VVA - Variable Valve Actuation

The technology used by some Yamaha engines for improved power and economical use. Also similar to Honda's VTEC.

At low RPM, the low lift cams are engaged, thus the valves only opens in a short duration or small lift. The effect is fuel economy and manageable power delivery in normal riding.

At high RPM, the "wild cams" gets engaged. These cams have high lift or long duration. Similar to racing cams. The effect is increased power delivery at high rpm when needed.

With VVA, the "wild cams" and "soft cams" are selected by an electronically controlled actuator, (in other brands, actuator is engaged by pressurised solenoid) it pushes a small pin to select which rocker arm to activate. The actuator is activated at a certain RPM electronically via ECU. Some cars/bikes engage the VTEC at 5000 rpm, some models activate higher or lower rpm, depending on the manufacturer. Racing ECU's are controllable via laptop and one can change what RPM to engage these wild cams.

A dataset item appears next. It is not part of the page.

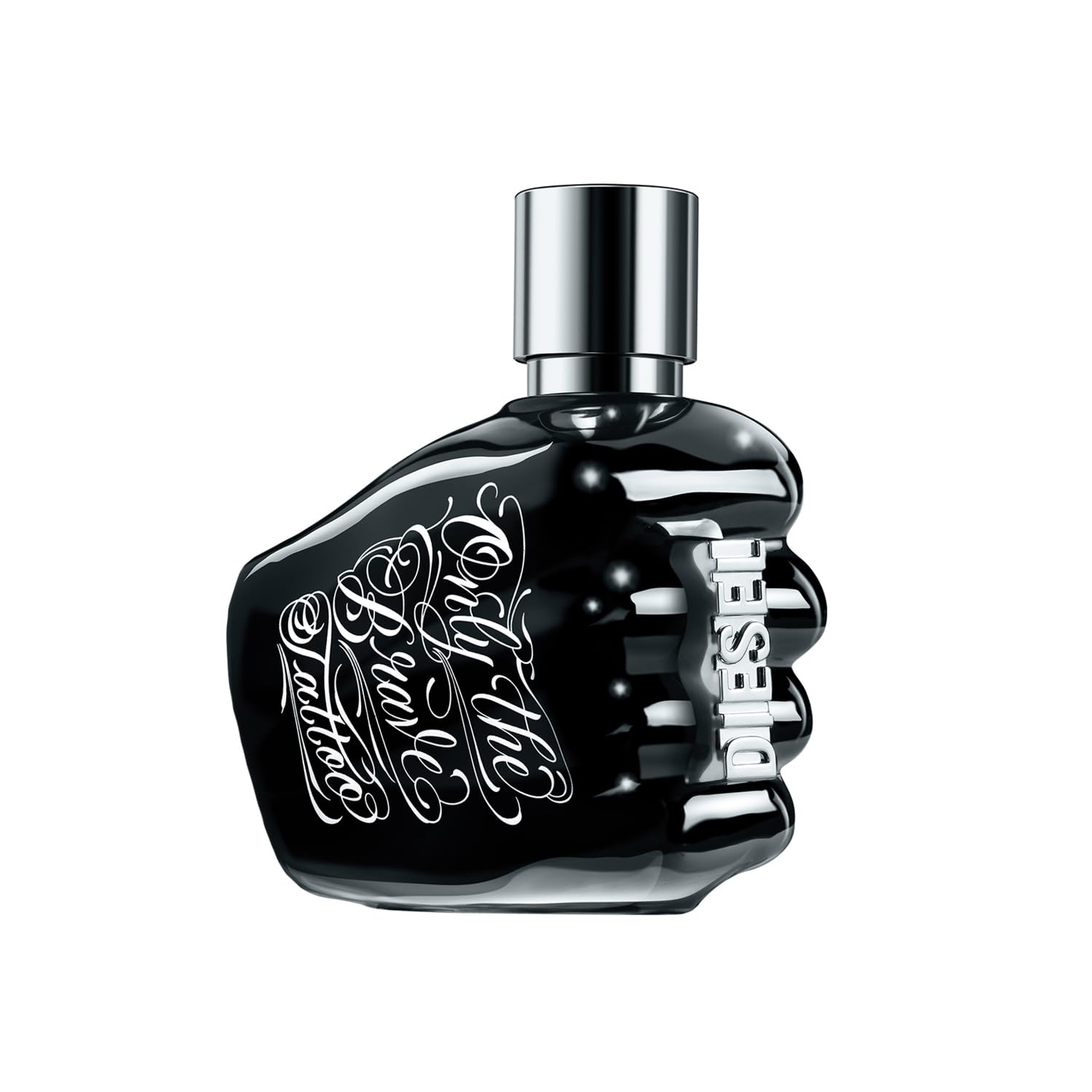Only The Brave Tattoo, Eau de Toilette for Men, Woody Scent With Notes of Citrus, Sage, Pepper & Tobacco, 4.2 Fl. Oz.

On the other hand, Variable Valve Timing of VVT-i, the acutuator is located in the cam gears, the ECU decides the valve opening duration, to advance or retard the combustion. The effect is to control the engine timing, the cams by few degrees forward or backward from the TDC, thus increases or decreases the power delivery at a desired RPM.

There you go. Variable Valve Actuation is good for you!